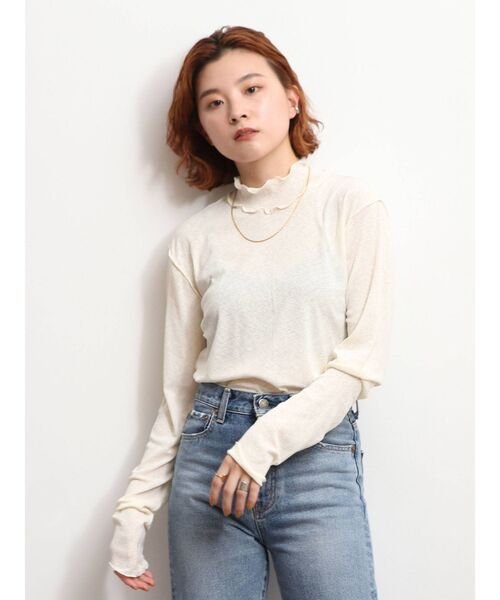 Ungrid（アングリッド）の「ハイネックシアースラブロングスリーブTee（Tシャツ/カットソー・レディース・ブラック/グリーン/オフホワイト・FREE）」の2枚目の写真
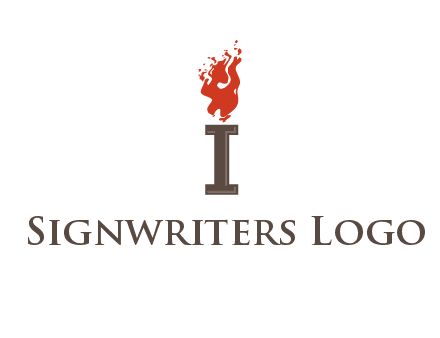 letter I with flames logos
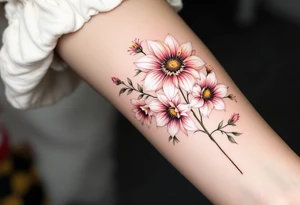 Sunflowers and stargazer lillies in pink and white in a dainty wildflower bouquet with stems tattoo idea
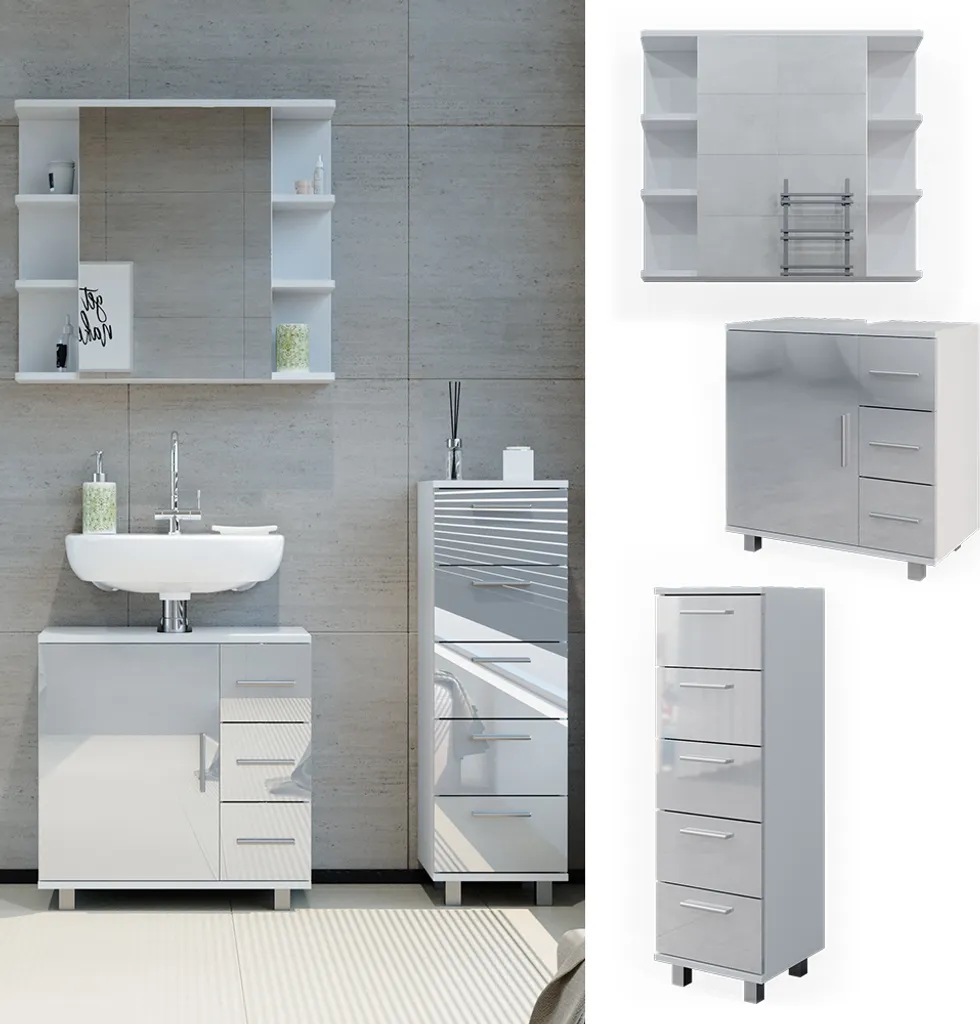 Optimisation rangement salle de bain meuble Vicco Ilias blanc 3 pièces - 2
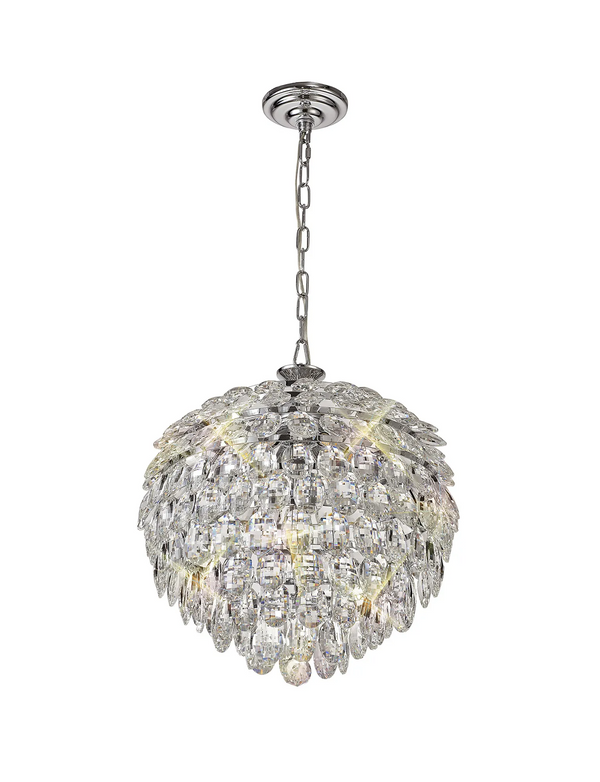 Lightologist Conifer 45cm Pendant, 6 Light E14, Polished Chrome/Crystal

○ ○ ○ ○ ○ ○ ○

**WHAT YOU SHOULD DO**
Set down the entire material verbatim, with each picture left out.

**RESULT FOR THIS EXERCISE**
 Ungrid（アングリッド）の「ハイネックシアースラブロングスリーブTee（Tシャツ/カットソー・レディース・ブラック/グリーン/オフホワイト・FREE）」の2枚目の写真
 letter I with flames logos
 Sunflowers and stargazer lillies in pink and white in a dainty wildflower bouquet with stems tattoo idea
 Optimisation rangement salle de bain meuble Vicco Ilias blanc 3 pièces - 2
 Lightologist Conifer 45cm Pendant, 6 Light E14, Polished Chrome/Crystal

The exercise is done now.